The 2020 Green Party of England and Wales leadership election took place in August 2020 to determine the leader of the Green Party of England and Wales, while an election for the party's deputy leader also took place simultaneously. Jonathan Bartley and Siân Berry, who were elected on a joint ticket in 2018, were re-elected as co-leaders while Amelia Womack was re-elected as the party's deputy leader.

Background 
Prior to 2008, the Green Party elected spokespeople called principal speakers instead of leaders. After a rule change, the party adopted a system of electing a leader or co-leaders every two years. If there are two co-leaders, a single deputy will be elected whereas if there is a single leader there are two deputies. In either case, the election is subject to the party's gender-balancing rules. The election was held under the instant-runoff voting electoral system, with voters able to select different preferences for each candidate.

Campaign

Leadership 
The incumbent co-leaders, Jonathan Bartley and Siân Berry, stood for re-election. Bartley was a Lambeth councillor and Berry was a London Assembly Member and the party's candidate for the 2021 London mayoral election.

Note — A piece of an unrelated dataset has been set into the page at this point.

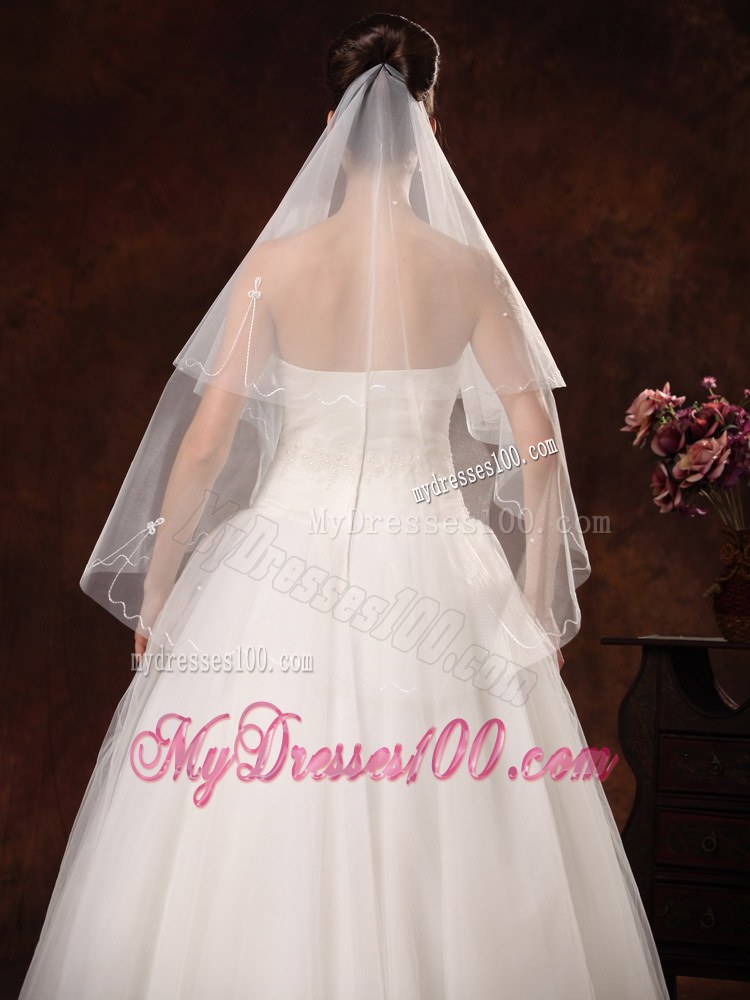 2 Layers Graceful Organza Ribbon Edge Bridal Veils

Shahrar Ali, the party's home affairs spokesperson who had been one of the party's deputy leaders from 2014 to 2016, ran for the leadership. He had previously run against Bartley and Berry in 2018.

One of the party's councillors in Solihull, the mixed martial artist Rosi Sexton, campaigned for the leadership as an "outsider". She said she wanted to focus on the party's electoral strategy and policy development processes.

Deputy leadership 
Amelia Womack was first elected as the party's deputy leader in 2014 and was re-elected in each subsequent election.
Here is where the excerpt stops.